Names, too, are also how the detective himself can attempt to discard his turbulent past and heartbreak over a failed relationship. While investigating the case of the lynched mecernary, he will stumble upon the very vehicle that he has attempted to dispose of in his previous night of drunken ennui—along with his lost police badge. Here’s when you’ll discover the detective’s true name: it’s Harrier Du Bois. Or Harry, as acquaintances would refer to him as. Harrier can, in a cry of despair, ask for a different name. “One I haven’t ruined yet,” he adds. Kim helpfully suggests that he can look into changing his name after they’re done with the investigation.
It’s also then, with a successful Empathy skill check, that Harrier realises that Kim, too, has had some doubts about his name, but had decided to deliberately shelf away these thoughts. When asked about whether he wanted to change his name before, this is how Kim reacts:
“Change?

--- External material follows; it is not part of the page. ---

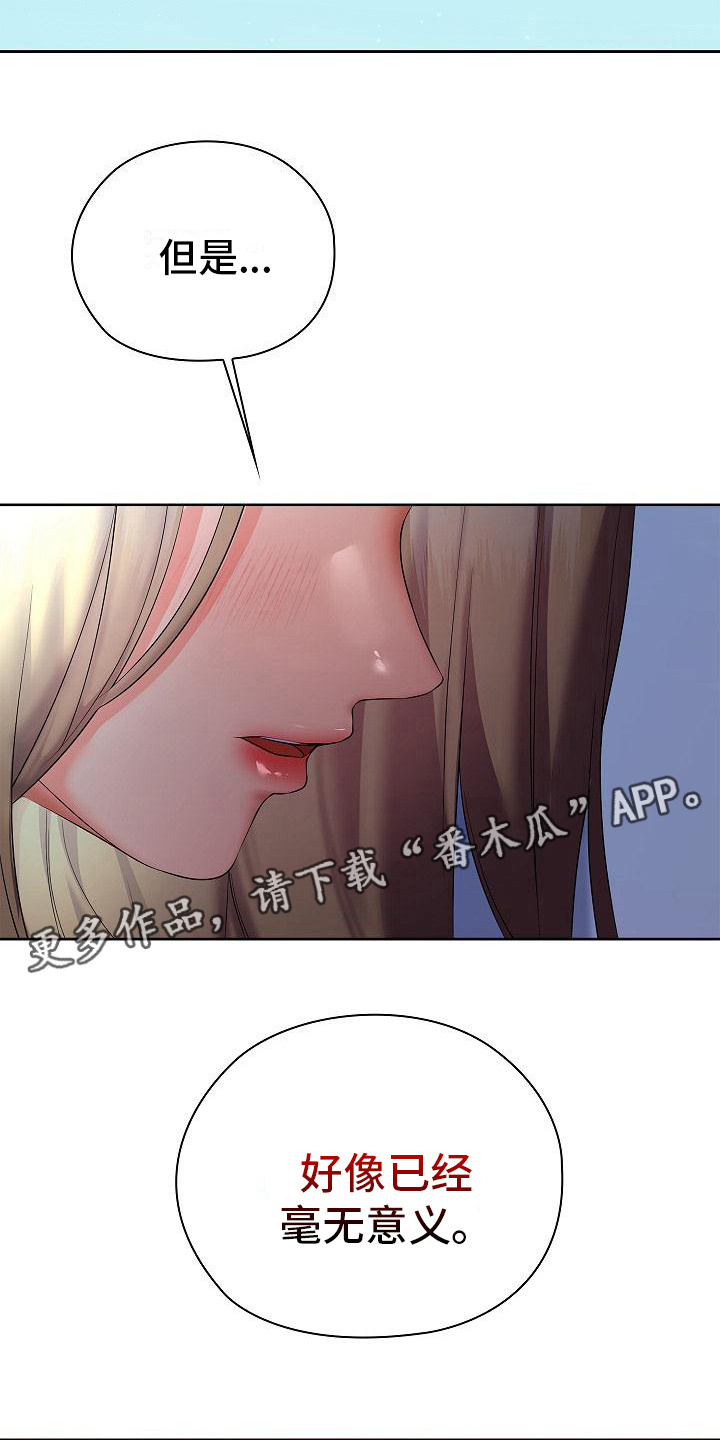 第18章：说出来了4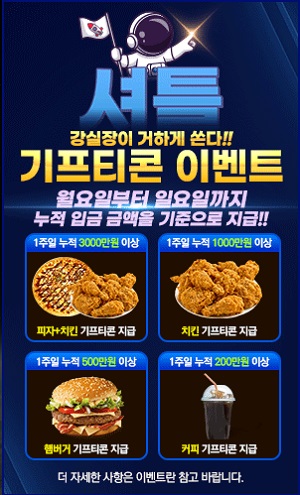 토토사이트 셔틀 먹튀검증가이드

No, not exactly. But I think all of us at some point imagine what our lives might have been had we been something else. And then we feel trapped by the names we’ve been given, as symbols of the intentions and expectations of others…” He pulls a long, pensive drag. “Even if I were to change my name now, upon hearing any syllable that sounds like *kim* in the streets, I’d turn to see who was calling me.“
It’s a moment that quickly passes, but it’s also one that suggests that, unlike Harrier and Klaasje, Kim’s attachment to his name persists in spite of difficult events in his past. Rather than turn away from his history, Kim has instead decided to live with the baggage and expectations that comes with his name—from his distaste from being referred to as “Kimball” as a ex-champion of a youth pinball competition, to even his racial identity that is his Seolite ancestry, in a city that’s decidedly, even if implicitly, prejudiced towards its non-white characters. It speaks volumes of Kim’s stoic, steadfast personality.

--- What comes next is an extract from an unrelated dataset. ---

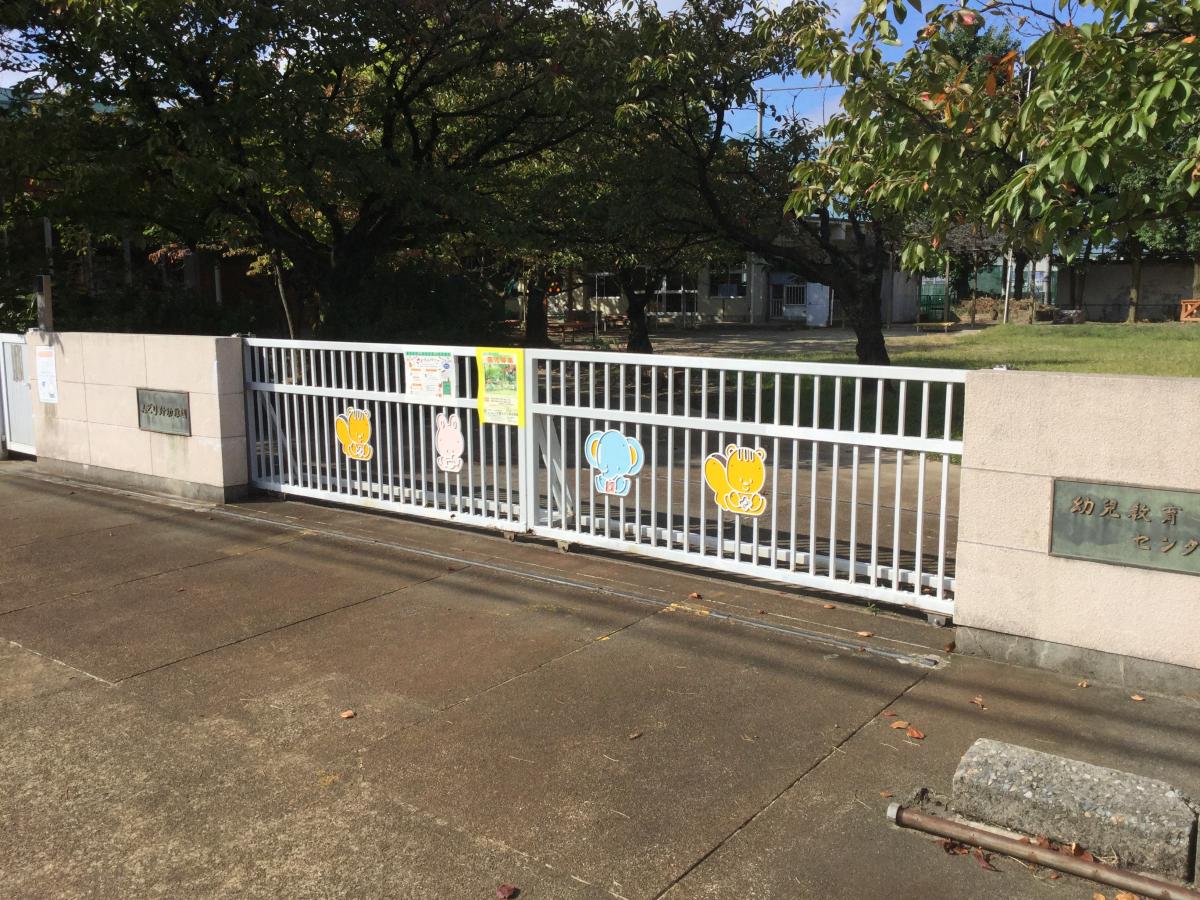 スタディピア 富山短期大学付属みどり野幼稚園 富山市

Living in and growing up in Revachol, where the entire game is set, is probably not the most pleasant of experiences for someone like Kim; it’s a city that feels like it’s on the cusp of death, filled with bullet holes and broken structures from its failed revolution, and it has a tendency to constantly wears its denizens down. In holding so steadfastly to his name, there’s something quite remarkable in Kim’s unwavering spirit of ingesting all the shittiness the city has to offer, only to continue soldiering on as the game’s most incorruptible cop.